Tunbridge Wells 1/2 Marathon. 15th February 2009
That was, without doubt, the closest I have been to total hell in the 34 years I have been on God`s earth.
We can skip past the fact that anyone wanting to run for 13.1 miles might be slightly unbalanced but to run one with two mile long hills as steep as a the sides of the Eiffel Tower must be loco on a different level.
I live in Sussex, I know the countryside, I run through the countryside. These cannot be that bad, I have, after all, run up many hills on a Sunday afternoon this year. Turns out that those weren`t hills, more like bumps in the landscape by comparison to today.
I knew I was in trouble when I started off at too fast a pace and after the first few inclines my mind started to ask questions like "if these aren`t the big hills, what lies ahead?". My pace reduced significantly, only the uplifting scenery picked me up and that carried me through the first 4 or 5 miles. And what really open, beautiful scenery it was too I could keep running like this all day. You could see far and wide, greenery everywhere, river beds and mountain tops - oh, dear Lord no...we are not running up that are we? Perhaps it is just there to scare us? There were certainly enough children at the side lines in tears but as the local vicar made the sign of the cross and bowed his head I took one heck of a deep breath and made my ascent (if only I had brought the oxygen).
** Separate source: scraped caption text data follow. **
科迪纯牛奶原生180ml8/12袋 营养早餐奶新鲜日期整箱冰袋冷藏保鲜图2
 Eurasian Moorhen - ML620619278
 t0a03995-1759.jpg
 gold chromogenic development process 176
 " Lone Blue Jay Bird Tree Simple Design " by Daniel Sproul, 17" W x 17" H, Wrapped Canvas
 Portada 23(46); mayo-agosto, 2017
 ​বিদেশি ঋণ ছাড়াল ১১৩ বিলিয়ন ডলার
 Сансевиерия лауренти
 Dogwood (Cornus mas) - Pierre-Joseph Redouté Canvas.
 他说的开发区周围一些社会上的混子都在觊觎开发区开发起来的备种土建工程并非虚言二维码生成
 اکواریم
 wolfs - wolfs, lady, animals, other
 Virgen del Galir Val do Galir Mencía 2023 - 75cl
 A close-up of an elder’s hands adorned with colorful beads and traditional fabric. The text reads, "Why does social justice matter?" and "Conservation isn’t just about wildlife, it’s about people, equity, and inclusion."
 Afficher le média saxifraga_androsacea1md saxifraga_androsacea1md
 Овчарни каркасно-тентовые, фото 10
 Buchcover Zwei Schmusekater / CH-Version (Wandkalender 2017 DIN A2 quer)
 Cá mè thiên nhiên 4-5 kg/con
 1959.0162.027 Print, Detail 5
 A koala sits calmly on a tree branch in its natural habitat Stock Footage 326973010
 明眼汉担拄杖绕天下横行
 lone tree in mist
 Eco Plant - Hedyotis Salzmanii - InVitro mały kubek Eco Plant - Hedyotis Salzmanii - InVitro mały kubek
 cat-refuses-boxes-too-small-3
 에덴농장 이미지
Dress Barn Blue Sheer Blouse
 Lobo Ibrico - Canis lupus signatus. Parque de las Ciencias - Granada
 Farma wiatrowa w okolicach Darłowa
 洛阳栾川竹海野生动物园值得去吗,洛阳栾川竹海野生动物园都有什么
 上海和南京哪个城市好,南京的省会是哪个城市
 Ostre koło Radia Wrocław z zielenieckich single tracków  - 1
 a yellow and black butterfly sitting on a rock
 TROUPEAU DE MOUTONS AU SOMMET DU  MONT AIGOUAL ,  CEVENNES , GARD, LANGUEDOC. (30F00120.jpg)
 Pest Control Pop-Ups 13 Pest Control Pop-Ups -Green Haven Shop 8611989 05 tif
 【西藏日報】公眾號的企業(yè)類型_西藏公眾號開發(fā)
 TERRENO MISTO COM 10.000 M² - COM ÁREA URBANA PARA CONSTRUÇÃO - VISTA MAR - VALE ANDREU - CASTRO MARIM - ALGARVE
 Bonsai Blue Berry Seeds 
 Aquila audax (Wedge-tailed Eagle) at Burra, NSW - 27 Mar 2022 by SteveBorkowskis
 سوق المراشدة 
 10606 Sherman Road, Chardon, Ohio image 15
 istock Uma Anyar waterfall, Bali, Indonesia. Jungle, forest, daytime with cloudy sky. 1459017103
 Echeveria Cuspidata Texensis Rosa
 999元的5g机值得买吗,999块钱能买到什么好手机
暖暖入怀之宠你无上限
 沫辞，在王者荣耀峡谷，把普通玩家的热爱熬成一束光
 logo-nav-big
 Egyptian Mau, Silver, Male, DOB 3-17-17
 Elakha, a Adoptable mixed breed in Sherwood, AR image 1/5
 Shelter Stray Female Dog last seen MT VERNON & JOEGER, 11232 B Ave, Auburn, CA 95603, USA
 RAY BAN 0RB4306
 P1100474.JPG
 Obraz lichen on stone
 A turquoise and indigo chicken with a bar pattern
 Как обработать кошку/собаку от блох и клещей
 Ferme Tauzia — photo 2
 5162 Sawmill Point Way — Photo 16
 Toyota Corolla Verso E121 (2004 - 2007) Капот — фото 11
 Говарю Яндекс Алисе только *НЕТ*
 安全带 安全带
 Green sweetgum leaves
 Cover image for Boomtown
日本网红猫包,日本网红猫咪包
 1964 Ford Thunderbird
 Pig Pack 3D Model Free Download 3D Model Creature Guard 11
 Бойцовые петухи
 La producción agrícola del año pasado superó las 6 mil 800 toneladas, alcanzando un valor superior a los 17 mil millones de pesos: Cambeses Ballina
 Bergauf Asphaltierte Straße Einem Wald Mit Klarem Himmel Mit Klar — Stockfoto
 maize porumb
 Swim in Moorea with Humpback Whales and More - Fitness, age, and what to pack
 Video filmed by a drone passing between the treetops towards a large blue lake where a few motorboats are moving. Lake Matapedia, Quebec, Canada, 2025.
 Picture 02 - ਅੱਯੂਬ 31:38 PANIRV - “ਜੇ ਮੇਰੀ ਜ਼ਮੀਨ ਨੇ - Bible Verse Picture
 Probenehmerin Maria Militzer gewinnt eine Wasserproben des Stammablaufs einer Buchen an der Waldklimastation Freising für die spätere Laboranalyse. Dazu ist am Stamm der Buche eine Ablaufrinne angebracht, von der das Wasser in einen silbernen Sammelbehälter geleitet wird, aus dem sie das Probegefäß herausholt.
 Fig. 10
Now just under 2 1/2 miles of steep hill doesn`t feel like much when in the car but out in running terms it was going to be just over 25 mins of tread from my trainers. I set to it. After a while of real hardship it flattened out - magic I thought, good show, cracking job, let`s get on with the rest of the race 8 miles done and 5 and a bit to go. Come on....hang on didn`t that marker just show 7 miles? But I thought the worst bit was shown between 7 and 8 miles and I have just done that, surely? My heart sank as we turned a corner and something I would usually have taken a ski lift up and classed a black run, stared back at me. If roads could pass comment I beleive it would have been laughing at me.
The next ten minutes have been consigned into my memory as one of the most painful and knackering as any 13.5 stone semi-fit chap with a liking for crisps can endure. There was going to be a lot of comfort eating tonight and it wouldn`t stop at the first packet, or the third. I just hoped I was going to get home without a lift from the St John`s ambulance.
To top matters not far from the summit "Spiderman" steadily ran past me, without a whisper of unease coming out of his mask.
After this ordeal the rest of the race paled into insignificance and my mantra of "one foot after the other" came in to play from the 10 mile marker onwards.
There was no sprint finish for me this time and I have to thank the local support and last "downhill" mile to getting me home.
Somewhere in Tunbridge Wells there is a hidden mountain, you won`t find it on a map but it`s there and I intend to keep well clear in future.